• _Data listing_:
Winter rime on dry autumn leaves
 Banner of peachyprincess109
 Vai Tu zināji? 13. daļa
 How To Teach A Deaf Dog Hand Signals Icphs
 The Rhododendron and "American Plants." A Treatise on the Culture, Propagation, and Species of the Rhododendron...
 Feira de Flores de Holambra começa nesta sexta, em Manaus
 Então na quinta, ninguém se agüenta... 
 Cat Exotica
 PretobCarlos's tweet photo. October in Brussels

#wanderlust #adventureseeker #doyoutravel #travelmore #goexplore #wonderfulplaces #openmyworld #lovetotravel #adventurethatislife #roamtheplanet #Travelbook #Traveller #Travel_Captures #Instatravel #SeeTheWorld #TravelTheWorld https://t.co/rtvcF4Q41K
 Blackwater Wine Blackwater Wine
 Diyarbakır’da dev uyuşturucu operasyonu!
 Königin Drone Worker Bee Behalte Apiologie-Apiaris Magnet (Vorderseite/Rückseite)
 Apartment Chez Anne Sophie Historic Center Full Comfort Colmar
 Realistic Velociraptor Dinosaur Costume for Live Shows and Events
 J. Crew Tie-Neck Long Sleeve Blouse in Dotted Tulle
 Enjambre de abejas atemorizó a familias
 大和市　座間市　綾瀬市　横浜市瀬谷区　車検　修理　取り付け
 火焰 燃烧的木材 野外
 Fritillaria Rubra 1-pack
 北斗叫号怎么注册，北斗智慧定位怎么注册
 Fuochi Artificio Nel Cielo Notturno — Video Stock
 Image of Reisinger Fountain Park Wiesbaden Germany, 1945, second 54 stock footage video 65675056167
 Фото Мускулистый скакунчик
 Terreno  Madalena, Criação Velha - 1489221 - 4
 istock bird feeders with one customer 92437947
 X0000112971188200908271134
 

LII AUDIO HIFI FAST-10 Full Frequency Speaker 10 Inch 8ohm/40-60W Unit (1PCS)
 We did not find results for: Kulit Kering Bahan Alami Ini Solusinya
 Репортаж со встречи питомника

• _What is required_: Each line of the records above must be copied exactly.

• _Answer section_:
Winter rime on dry autumn leaves
 Banner of peachyprincess109
 Vai Tu zināji? 13. daļa
 How To Teach A Deaf Dog Hand Signals Icphs
 The Rhododendron and "American Plants." A Treatise on the Culture, Propagation, and Species of the Rhododendron...
 Feira de Flores de Holambra começa nesta sexta, em Manaus
 Então na quinta, ninguém se agüenta... 
 Cat Exotica
 PretobCarlos's tweet photo. October in Brussels

#wanderlust #adventureseeker #doyoutravel #travelmore #goexplore #wonderfulplaces #openmyworld #lovetotravel #adventurethatislife #roamtheplanet #Travelbook #Traveller #Travel_Captures #Instatravel #SeeTheWorld #TravelTheWorld https://t.co/rtvcF4Q41K
 Blackwater Wine Blackwater Wine
 Diyarbakır’da dev uyuşturucu operasyonu!
 Königin Drone Worker Bee Behalte Apiologie-Apiaris Magnet (Vorderseite/Rückseite)
 Apartment Chez Anne Sophie Historic Center Full Comfort Colmar
 Realistic Velociraptor Dinosaur Costume for Live Shows and Events
 J. Crew Tie-Neck Long Sleeve Blouse in Dotted Tulle
 Enjambre de abejas atemorizó a familias
 大和市　座間市　綾瀬市　横浜市瀬谷区　車検　修理　取り付け
 火焰 燃烧的木材 野外
 Fritillaria Rubra 1-pack
 北斗叫号怎么注册，北斗智慧定位怎么注册
 Fuochi Artificio Nel Cielo Notturno — Video Stock
 Image of Reisinger Fountain Park Wiesbaden Germany, 1945, second 54 stock footage video 65675056167
 Фото Мускулистый скакунчик
 Terreno  Madalena, Criação Velha - 1489221 - 4
 istock bird feeders with one customer 92437947
 X0000112971188200908271134
 

LII AUDIO HIFI FAST-10 Full Frequency Speaker 10 Inch 8ohm/40-60W Unit (1PCS)
 We did not find results for: Kulit Kering Bahan Alami Ini Solusinya
 Репортаж со встречи питомника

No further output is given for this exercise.